Saved entries:
%%

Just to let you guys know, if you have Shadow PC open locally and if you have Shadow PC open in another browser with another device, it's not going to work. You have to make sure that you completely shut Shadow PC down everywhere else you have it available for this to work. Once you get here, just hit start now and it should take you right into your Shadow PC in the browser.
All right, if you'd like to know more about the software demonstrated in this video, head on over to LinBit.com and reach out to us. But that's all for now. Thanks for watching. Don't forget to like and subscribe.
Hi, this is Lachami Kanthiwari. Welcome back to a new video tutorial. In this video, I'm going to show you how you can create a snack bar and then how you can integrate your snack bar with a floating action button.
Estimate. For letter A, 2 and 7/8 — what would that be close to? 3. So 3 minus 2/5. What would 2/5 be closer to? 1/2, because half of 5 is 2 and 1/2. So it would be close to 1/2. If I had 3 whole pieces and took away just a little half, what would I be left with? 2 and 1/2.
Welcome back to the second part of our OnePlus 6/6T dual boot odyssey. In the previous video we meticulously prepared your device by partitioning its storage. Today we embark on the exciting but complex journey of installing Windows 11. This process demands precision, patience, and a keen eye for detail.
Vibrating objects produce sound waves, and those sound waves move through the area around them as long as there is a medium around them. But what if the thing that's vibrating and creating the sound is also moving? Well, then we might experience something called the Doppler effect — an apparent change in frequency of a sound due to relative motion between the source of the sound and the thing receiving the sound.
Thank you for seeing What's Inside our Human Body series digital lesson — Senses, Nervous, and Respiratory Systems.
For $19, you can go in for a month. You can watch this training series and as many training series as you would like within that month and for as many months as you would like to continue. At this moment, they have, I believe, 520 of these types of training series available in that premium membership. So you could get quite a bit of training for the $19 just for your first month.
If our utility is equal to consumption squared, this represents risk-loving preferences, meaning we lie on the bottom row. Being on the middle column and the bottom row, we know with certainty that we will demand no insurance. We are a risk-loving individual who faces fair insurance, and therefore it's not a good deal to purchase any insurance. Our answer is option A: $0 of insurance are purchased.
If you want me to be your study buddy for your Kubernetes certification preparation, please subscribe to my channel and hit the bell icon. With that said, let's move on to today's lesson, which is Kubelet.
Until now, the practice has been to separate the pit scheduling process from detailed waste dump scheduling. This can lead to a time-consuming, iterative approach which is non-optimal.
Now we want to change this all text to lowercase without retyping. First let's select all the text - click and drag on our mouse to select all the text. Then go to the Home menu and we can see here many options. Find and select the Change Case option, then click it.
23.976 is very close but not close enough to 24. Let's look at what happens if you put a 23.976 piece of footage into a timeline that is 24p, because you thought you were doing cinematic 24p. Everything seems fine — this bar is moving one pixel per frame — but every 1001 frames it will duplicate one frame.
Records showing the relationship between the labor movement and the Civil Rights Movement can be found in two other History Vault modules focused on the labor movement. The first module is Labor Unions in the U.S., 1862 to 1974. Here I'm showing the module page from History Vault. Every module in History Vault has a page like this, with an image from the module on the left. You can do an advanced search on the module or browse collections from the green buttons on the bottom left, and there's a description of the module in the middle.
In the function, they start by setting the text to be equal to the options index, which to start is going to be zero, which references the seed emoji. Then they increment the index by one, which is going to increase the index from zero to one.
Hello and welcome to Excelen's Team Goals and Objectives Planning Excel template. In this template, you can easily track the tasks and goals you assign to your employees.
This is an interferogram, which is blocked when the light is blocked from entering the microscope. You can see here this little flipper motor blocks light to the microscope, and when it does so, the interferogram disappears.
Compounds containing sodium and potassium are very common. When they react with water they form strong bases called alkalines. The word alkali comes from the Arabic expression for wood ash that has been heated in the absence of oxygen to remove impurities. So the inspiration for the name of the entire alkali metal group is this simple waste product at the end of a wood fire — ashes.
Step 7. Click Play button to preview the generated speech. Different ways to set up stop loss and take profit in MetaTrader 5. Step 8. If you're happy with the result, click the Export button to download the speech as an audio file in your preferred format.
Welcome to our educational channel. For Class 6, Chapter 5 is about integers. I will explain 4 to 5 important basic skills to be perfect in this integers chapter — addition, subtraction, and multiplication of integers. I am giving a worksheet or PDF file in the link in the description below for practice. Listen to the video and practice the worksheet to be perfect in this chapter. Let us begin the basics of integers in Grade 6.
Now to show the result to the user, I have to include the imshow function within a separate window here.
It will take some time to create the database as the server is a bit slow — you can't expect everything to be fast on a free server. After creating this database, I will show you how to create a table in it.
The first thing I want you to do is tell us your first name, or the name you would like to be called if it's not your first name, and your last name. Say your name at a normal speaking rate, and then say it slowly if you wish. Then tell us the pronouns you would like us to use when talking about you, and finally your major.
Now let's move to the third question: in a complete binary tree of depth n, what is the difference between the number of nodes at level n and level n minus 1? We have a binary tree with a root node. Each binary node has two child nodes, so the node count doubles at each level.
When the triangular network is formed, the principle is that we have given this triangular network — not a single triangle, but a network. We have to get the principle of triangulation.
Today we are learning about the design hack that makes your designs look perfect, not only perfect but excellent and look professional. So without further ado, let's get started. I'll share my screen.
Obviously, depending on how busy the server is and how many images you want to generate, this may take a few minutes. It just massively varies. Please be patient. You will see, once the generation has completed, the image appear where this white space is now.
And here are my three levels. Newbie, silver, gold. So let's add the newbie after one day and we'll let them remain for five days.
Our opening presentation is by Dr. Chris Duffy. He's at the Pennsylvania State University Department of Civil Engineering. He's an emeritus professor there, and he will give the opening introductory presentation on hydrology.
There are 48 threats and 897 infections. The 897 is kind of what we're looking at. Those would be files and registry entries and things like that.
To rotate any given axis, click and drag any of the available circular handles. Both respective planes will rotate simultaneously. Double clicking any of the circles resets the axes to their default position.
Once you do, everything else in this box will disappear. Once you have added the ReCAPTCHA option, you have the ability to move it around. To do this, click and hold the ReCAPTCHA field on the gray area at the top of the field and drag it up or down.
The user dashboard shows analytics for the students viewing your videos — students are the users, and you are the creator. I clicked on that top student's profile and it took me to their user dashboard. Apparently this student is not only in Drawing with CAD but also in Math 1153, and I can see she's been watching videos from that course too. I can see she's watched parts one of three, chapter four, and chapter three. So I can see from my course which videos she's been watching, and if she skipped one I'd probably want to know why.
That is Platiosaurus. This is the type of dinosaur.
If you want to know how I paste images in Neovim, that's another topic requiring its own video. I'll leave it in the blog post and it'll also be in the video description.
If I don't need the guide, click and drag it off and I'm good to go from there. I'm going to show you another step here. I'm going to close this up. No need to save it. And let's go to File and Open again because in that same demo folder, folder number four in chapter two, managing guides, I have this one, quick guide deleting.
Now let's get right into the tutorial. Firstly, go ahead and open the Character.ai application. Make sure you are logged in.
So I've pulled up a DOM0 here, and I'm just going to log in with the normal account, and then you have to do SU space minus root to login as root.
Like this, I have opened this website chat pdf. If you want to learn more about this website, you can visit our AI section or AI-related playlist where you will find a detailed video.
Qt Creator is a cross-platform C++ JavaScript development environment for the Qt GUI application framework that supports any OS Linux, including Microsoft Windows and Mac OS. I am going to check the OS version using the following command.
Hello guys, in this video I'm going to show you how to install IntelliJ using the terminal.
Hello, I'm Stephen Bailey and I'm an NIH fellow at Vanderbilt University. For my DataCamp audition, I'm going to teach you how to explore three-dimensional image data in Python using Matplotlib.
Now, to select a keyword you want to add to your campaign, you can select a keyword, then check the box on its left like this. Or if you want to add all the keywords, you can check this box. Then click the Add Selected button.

%%

■ TASK STATEMENT
Every line with "else" in it should be copied from the entries above.

■ ANSWER SPACE
Just to let you guys know, if you have Shadow PC open locally and if you have Shadow PC open in another browser with another device, it's not going to work. You have to make sure that you completely shut Shadow PC down everywhere else you have it available for this to work. Once you get here, just hit start now and it should take you right into your Shadow PC in the browser.
Once you do, everything else in this box will disappear. Once you have added the ReCAPTCHA option, you have the ability to move it around. To do this, click and hold the ReCAPTCHA field on the gray area at the top of the field and drag it up or down.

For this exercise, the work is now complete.